Suppose $P_n$ is a monotone sequences of orthogonal projections in a complex Hilbert space $\mathcal{H}$. I want to show that the limit of the sesquilinear forms defined by:
$\Gamma_n(x,y)=(x,P_n y)$ where $x,y$ are in $\mathcal{H}$.
That is the limit defined by $\Gamma(x,y)= \lim_{n \rightarrow \infty} \Gamma_n(x,y)$ exists.
I think I ought to use the fact that the Hilbert space is complete in some sense and that the inner product is continuous.
Note: There is nothing about completeness of $\mathcal{H}$ needed to carry out of the following steps.
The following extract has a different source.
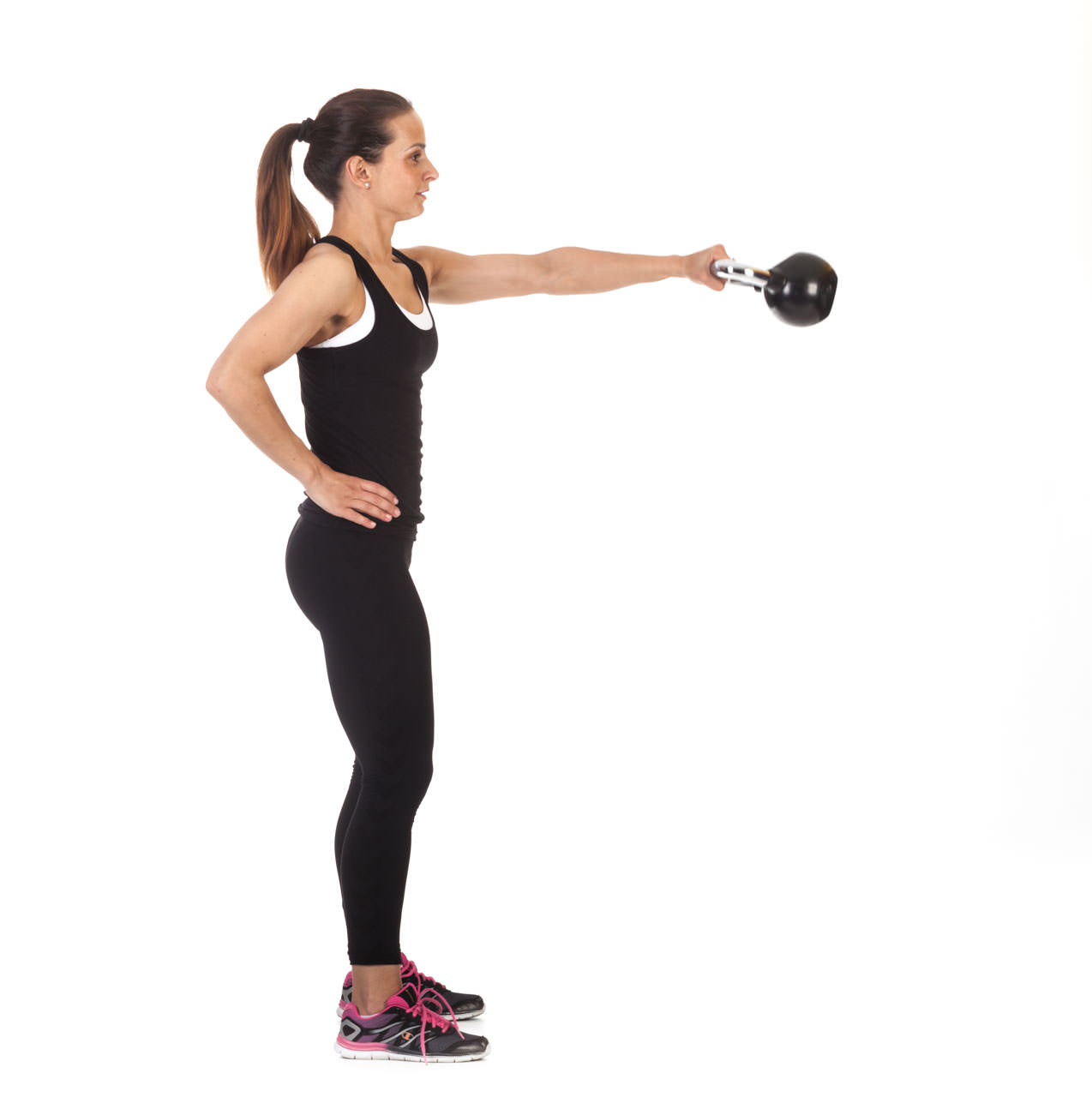 One-Arm Kettlebell Swing frame #2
Because $P_n$ is monotone, then $(P_nx,x)$ is monotone in $n$ for each fixed $x$, and is bounded above by $(x,x)$, which forces convergence of $\lim_n(P_n x,x)$ for all $x$. Then, using polarization, the following expression must also have a limit in $n$ for every fixed $x,y \in \mathcal{H}$: $$ (P_nx,y) = \frac{1}{4}\sum_{n=0}^{3}i^{n}(P_n(x+i^ny),x+i^n y) $$ Therefore the following limit exists for all $x,y\in\mathcal{H}$: $$ \Gamma(x,y) = \lim_n (P_nx,y). $$ Because the limit exists for all $x,y$, you can show that $\Gamma$ is a sesquilinear form. And it's easy to check that $0 \le \Gamma(x,x)=\overline{\Gamma(x,x)} \le (x,x)$ for all $x$ because this is inherited from $(P_nx,x)$.
If you want to represent $\Gamma(x,y)=(Px,y)$ for some bounded linear operator $P$, then you'll need completeness.